The hatchery was trying to hold on to the smolt for an extra year because the summer’s weak return of coho did not produce enough eggs for next spring. Garrison hoped that by releasing these baby fish in the spring of 2014, it would improve subsequent runs. But that didn’t work as well as he had hoped. Bacterial Kidney Disease – or BKD — exists all along the west coast but this was a particularly bad year for Indian River, in part because it was such a good summer.
“This year we’ve actually had some of the worst water quality that I’ve seen coming into any hatchery. The water for the SJ hatchery comes directly from Indian River and, of course, this year Indian River had a phenomenal return of pink salmon. Probably somewhere between 300 and 400 thousand pink salmon returned, which is close to 3 or 4 times what the escapement goal would be. So we were well over what we should have had. So what that translated to this year, especially with a low water year where we didn’t have a lot of rain, we ended up with a tremendous biomass in the river and they were using up oxygen like crazy. So the dissolved oxygen in the water that was coming to the hatchery was the lowers I have ever seen.”

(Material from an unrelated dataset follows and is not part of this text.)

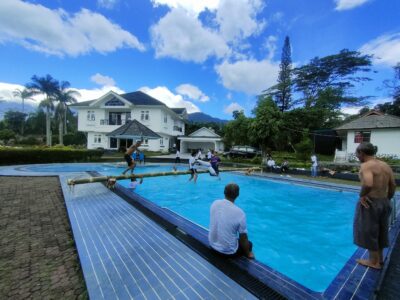 Sewa Villa Puncak Cipanas 9 Kamar – Villa Srijaya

The low oxygen level weakened the fishes’ immune systems; the huge numbers of dying fish introduced unusual amounts of fungus and bacteria into the hatchery’s water supply. Unwilling to consider antibiotics, Garrison decided to release the fish before the bacteria spread throughout the rearing pens.
“When those fish are reared in an intense situation like they are in a hatchery the mortality can just continue to increase so the best course of action is to let those guys go and so they got an early release, November is not a general time we try to release fish. Obviously there’s not a lot of food left in the ocean at that time and there’s a lot of predators around at the end of the season so we normally like to release those fish in the spring, but we had to do it a little earlier than we had planned.”
So does that mean that these smolt are a loss? Garrison doesn’t necessarily think so.
“I’m still hopeful that we’ll still see some coho come back, even from this release, I mean the majority of the fish were very healthy, they were a good size, nearly twice the size of the fish released in the spring. They were pretty chubby so they have a lot of energy reserves so I think if they can escape the predators and they didn’t come down with the kidney disease, they probably should do just fine.”
That was Lon Garrison, aquiculture director for the Sitka Sound Science Center. Garrison says now that the fish are released they will disinfect their pens with bleach and try again next year.